Multi-Cloud or Cloud-Agnostic¶
Multi-cloud platforms: Databricks SQL, Snowflake Cloud-agnostic options: ClickHouse, DuckDB
# Multi-cloud deployment example
adapter = DatabricksAdapter(
# Available on AWS, Azure, GCP
# Consistent interface across clouds
# Reduced cloud vendor lock-in
)
On-Premises or Hybrid¶
Self-hosted options: ClickHouse, DuckDB Hybrid options: Databricks SQL (private cloud)
# On-premises deployment example
adapter = ClickHouseAdapter(
host="on-prem-cluster.company.com",
# Complete data control
# No cloud dependencies
# Custom security policies
)
Selection Criteria Summary¶
By Primary Goal¶
Learning/Research
├── Small data (< 1GB): Embedded databases (DuckDB, SQLite)
└── Large data (> 1GB): DuckDB or cloud platforms with free tiers
Development/Testing
├── Local development: Embedded databases (no dependencies)

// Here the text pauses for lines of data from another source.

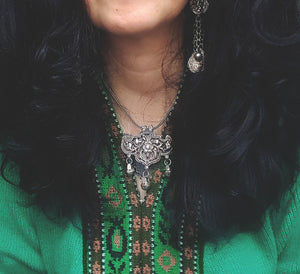 Flowery Repoussee Silver Pendant on Braided Chain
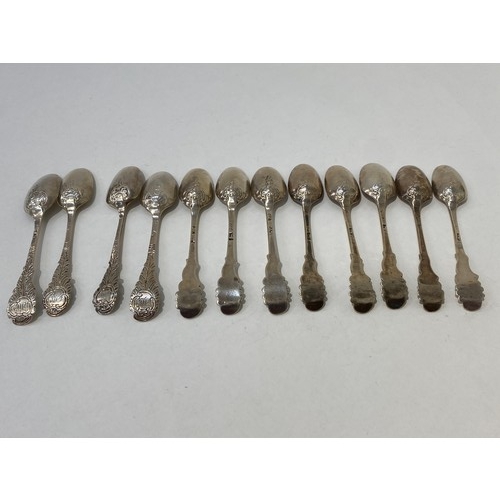 7099 - A quantity of Georgian fancy-back teaspoons grouped in an eight and four, all with similar bearded g... 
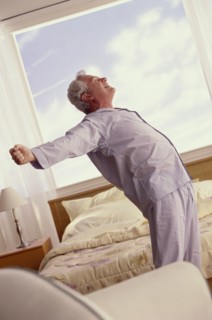 Senior man stretching in his bedroom. Photo : Fisher Litwin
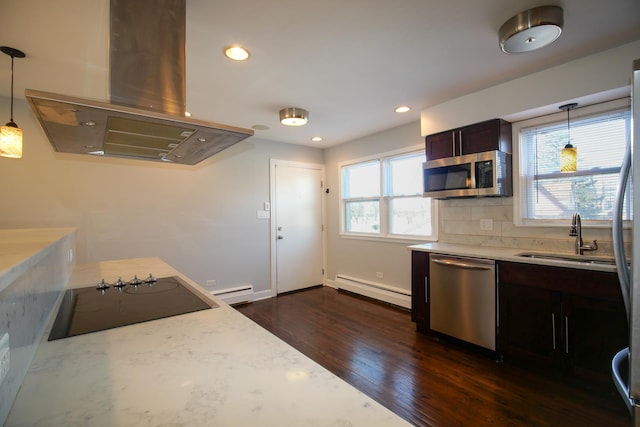 kitchen featuring island exhaust hood, a sink, stainless steel appliances, baseboard heating, and dark wood-style flooring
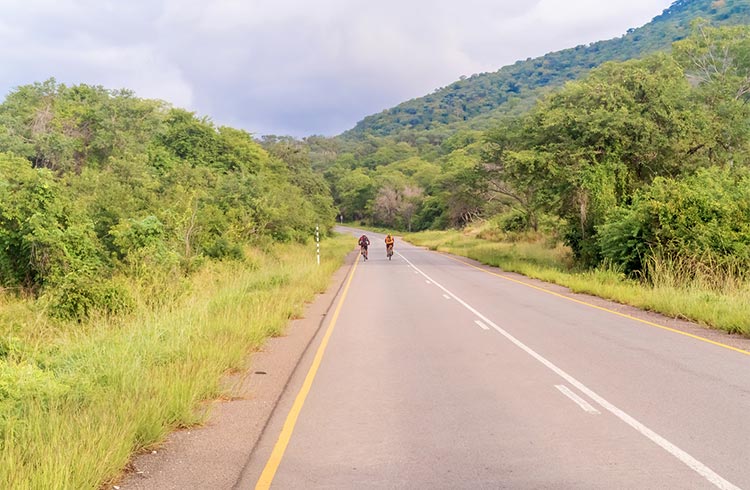 Two people riding their bicycles in Zambia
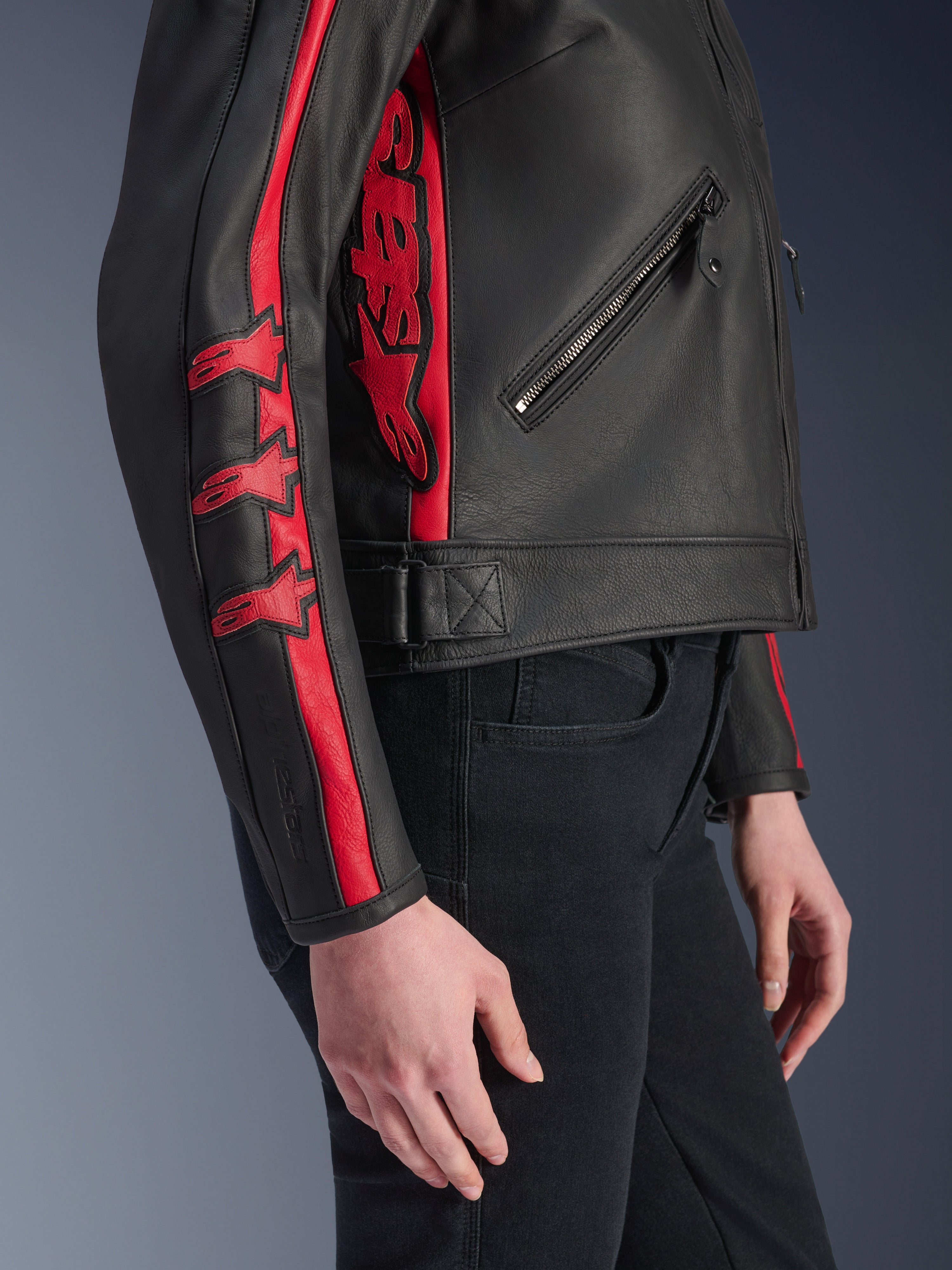 Veste en cuir Alpinestars Stella Dyno, veste de moto pour femme, noir et rouge haute, vue latérale portée par un mannequin, avec des bandes de course rouges et des logos en étoile sur la manche et un grand logo rouge sur le côté, cuir de bovin premium, style urbain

├── CI/CD pipeline: DuckDB or SQLite (embedded)
└── Integration testing: DuckDB (fast setup)
Production Analytics
├── Open-source: ClickHouse, DuckDB (self-hosted)

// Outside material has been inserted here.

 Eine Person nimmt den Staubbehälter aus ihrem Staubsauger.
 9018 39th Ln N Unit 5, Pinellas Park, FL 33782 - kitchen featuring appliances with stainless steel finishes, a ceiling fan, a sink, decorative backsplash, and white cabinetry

└── Cloud-native: Cloud platforms (managed services)
Performance Benchmarking
├── Cross-platform comparison: Multiple platforms
└── Single-platform optimization: Platform-specific testing
By Key Decision Factors¶
1. Data scale considerations:
├── < 1GB → Embedded databases (DuckDB, SQLite)
├── 1-100GB → ClickHouse, DuckDB, or cloud platforms
└── > 100GB → Cloud platforms (BigQuery, Databricks SQL, Redshift, Snowflake)
2. Budget model:
├── No cost → ClickHouse (self-hosted), DuckDB, SQLite
├── Pay-per-use → BigQuery, Databricks SQL (usage-based)
└── Predictable costs → Redshift, Snowflake (provisioned)
3. Team size:
├── Individual → DuckDB (minimal setup)
├── Small team → Cloud platforms with shared access
├── Medium team → Cloud platforms with governance features
└── Large enterprise → Cloud platforms with enterprise features
4. Cloud environment:
├── AWS → Redshift (integrated), or Databricks SQL, Snowflake (multi-cloud)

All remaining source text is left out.